“Can you tell me your address, Tristan? Your last name? What hospital was your baby born in?”
“No. I don’t have to tell you anything. He’s fine. I don’t need your help. Leave us alone. I’ll get in my van and pull out of here right now. Please. He’s fine. I promise.”
My dad was the one who held my arms back while they ripped him right out of her arms. Like they had a right. Baby-T screamed, Tristan dropped to the ground and screamed, and went berserk, jerking my body from my dad. I tasted dirt in my mouth when my face hit the ground, a knee dug into my back, and my shoulder felt like it was being pulled from its socket.
“Tobias, stop it. That’s enough. It’s done. Time to move on with your life,” my mom scolded, squatting to the ground beside my face. Had I been able to reach her, I would have spit on her. That’s how much I hated her. This was all her fault.
The cop held Tristan’s arms, keeping her from the same thing I was after, Baby-T. It wasn’t right. We didn’t do anything. He didn’t do anything and he was sick. Tobias was being put in the middle of all this poison that Tristan tried so hard to protect him from, and he didn’t deserve it. God he didn’t deserve it.

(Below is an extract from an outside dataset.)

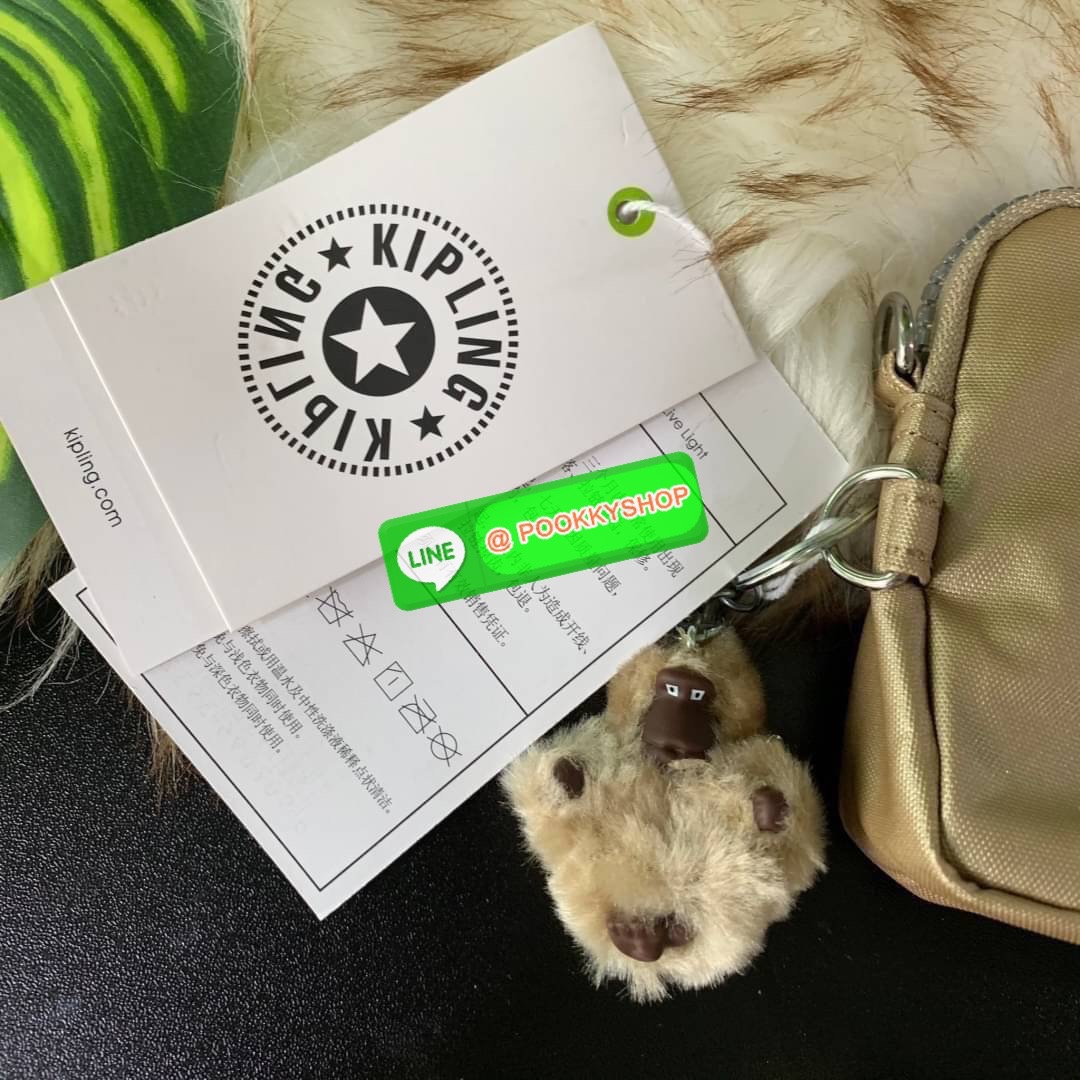 KIPLING 3 Monkey program Seoul up clutch & sling bag กระเป๋าคล้องมือ หรือ สะพายข้าง ขนาดเล็ก วัสดุ Nylon & Polyester 100% ใช้งานได้ 2 รูปแบบ มีสายสลับเปลี่ยนได้ทั้งแบบคล้องมือหรือสะพายข้าง เปิด-ปิดด้วยซิป ช่องหลักโล่ง มีช่องใส่บัตรด้านข้าง 6 ช่อง และช่องด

“You fucking asshole! Get off me! He’s sick! He’s sick!” Tristan screamed, but it didn’t matter. They still handed him through the window to another lady waiting for him in the back seat. That was the last time I saw him. His face was red, and he was crying in a way that I’d only heard him cry on other time. He grabbed my sunglasses off my face and pinched his little finger in the hinge connecting the frames. Add a terrifying gasp of air with every cry and you get a sound I never wanted to hear again in my life. Throw in his screaming mom, fighting with everything in her for her child, and you get a gutted animal. Me. I heard the lady in the back seat make a remark about him needing a bath and that was it. They were gone.
As soon as I heard the gravel from the car leaving, taking Tobias away, I calmed, Tristan calmed, and both our screams stopped, silence filling the air. My eyes opened from the ground, landing right on hers. I tried with all my might to tell her I was sorry, hoping there was just an ounce of truth to her world, praying she felt me like I felt her.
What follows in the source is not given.